Holding that McDonnell’s actions did not qualify as official acts, the Supreme Court articulated a two-part test to satisfy the “official acts” requirement under Section 201. First, the government must identify a “question, matter, cause, suit, proceeding or controversy” that is “pending” or “may be brought before [a] public official” and involves a “formal exercise of governmental power” similar in nature to a “lawsuit, hearing, or administrative determination.” Second, the government must prove that the public official made a decision or took action on the pending matter or agreed to do so. In formulating this standard, the Supreme Court significantly narrowed the “official acts” requirement to clear-cut quid pro quo scenarios, finding that “[s]etting up a meeting, talking to another official, or organizing an event (or agreeing to do so),” without more, are not official acts in themselves.

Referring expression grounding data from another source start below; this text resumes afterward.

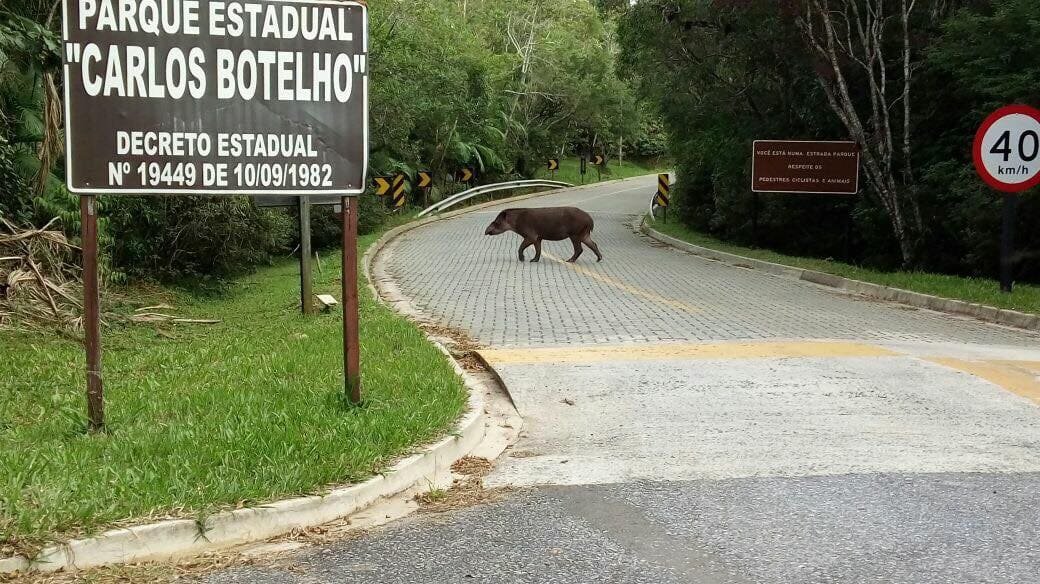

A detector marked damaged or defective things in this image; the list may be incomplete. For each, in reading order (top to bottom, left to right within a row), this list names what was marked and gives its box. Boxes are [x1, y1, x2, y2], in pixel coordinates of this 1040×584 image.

rusty pole [80, 194, 104, 428]
rusty pole [343, 194, 364, 399]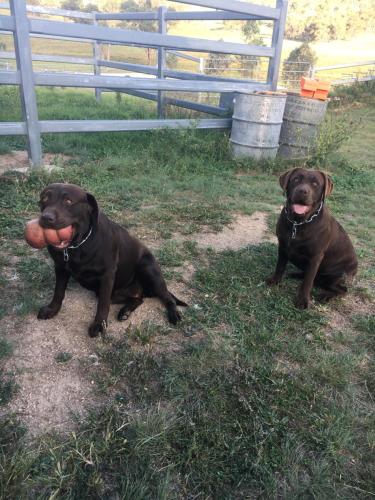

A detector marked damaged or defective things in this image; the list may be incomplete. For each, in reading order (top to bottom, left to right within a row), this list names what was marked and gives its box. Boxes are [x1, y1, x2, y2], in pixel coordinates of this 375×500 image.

rusty metal barrel [229, 91, 288, 159]
rusty metal barrel [280, 92, 328, 158]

United States v. Ng Lap Seng
Ng Lap Seng, a Chinese national and real estate developer, paid two United Nations ambassadors more than $1 million to secure a U.N. commitment to use Ng’s Macau real estate development as the site for an annual U.N. conference. Following a five-week jury trial in the Southern District of New York, Ng was convicted of, among other things, paying and conspiring to pay bribes and gratuities in violation of the FCPA2 and Section 666, federal program bribery.3
Ng appealed his conviction on multiple grounds. On the FCPA and Section 666 convictions, Ng argued that the McDonnell “official acts” standard applied to these statutes. The jury instructions did not include a definition of “official acts” using McDonnell’s language and as such, Ng sought to overturn his convictions.

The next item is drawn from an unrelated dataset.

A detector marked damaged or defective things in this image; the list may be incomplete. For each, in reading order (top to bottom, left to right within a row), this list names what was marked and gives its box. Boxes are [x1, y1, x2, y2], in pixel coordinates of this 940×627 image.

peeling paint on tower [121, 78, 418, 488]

The Second Circuit declined to extend McDonnell’s “official acts” requirement under Section 201 to the other federal bribery statutes. The court explained that while every bribery statute requires a quid pro quo, Congress has defined the particular quids and quos differently for each bribery statute. The action taken by the official need not be an “official act” as defined by Section 201 and interpreted by McDonnell.

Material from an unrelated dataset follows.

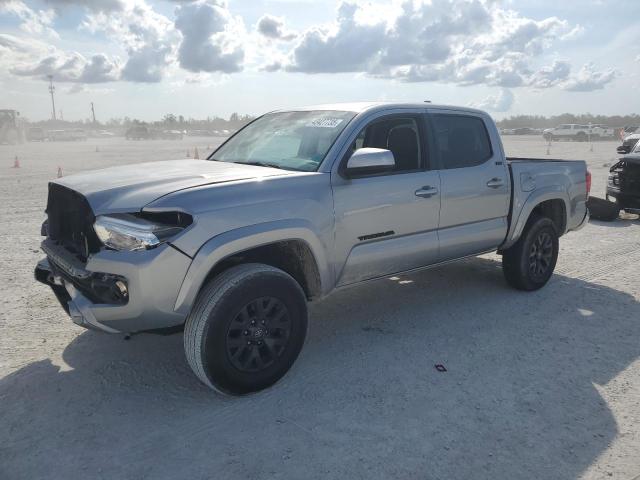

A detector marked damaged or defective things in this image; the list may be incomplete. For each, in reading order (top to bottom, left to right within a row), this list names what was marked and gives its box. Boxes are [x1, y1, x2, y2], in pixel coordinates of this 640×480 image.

cracked hood [52, 159, 292, 214]
damaged front bumper [35, 240, 192, 334]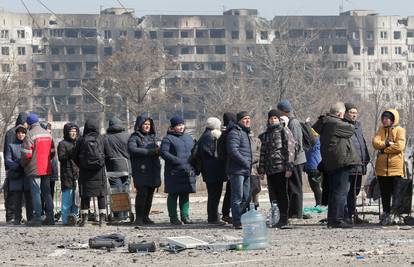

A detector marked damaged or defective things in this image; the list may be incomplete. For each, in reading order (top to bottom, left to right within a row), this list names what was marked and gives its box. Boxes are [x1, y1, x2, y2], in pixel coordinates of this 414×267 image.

The court held that neither the FCPA nor Section 666 mirrors Section 201’s “official acts” definition. It explained that Section 666 broadly prohibits bribery “in connection with any business, transaction, or series of transactions of [an] organization, government, or agency” without placing “any definitional limits on the business or transactions to be influenced.” Further, the court found that the FCPA prohibits giving anything of value in exchange for four specified actions: i) influencing an act or decision of a foreign official, ii) inducing a foreign official to do or omit to do any act, iii) securing any improper advantage, or iv) inducing the foreign official to influence an act of a foreign government. Like Section 666, the court noted that none of these prohibited actions limit their definitions akin to that for “official acts” in Section 201. Accordingly, the court affirmed Ng’s conviction, holding that the McDonnell standard does not pertain to bribery proscribed by Section 666 or the FCPA.
Impact of Ng
The Second Circuit joins the Third, Fifth, Sixth, and Eighth Circuits in interpreting the McDonnell “official acts” standard narrowly and declining to extend the decision to other anticorruption statutes. This is the first circuit court decision that considers the application of McDonnell to the FCPA. As a result, the FCPA supplements a growing list of anticorruption statutes exempt from the strict “official acts” hurdle required by Section 201. We expect prosecutors will continue the trend of choosing to charge defendants under the FCPA and other anticorruption statutes to avoid the rigorous “official act” standard imposed by McDonnell.
1 136 S. Ct. 2355 (2016).
2 The FCPA broadly prohibits U.S. nationals or individuals in the U.S. from paying bribes to foreign government officials for the purpose of obtaining or retaining business.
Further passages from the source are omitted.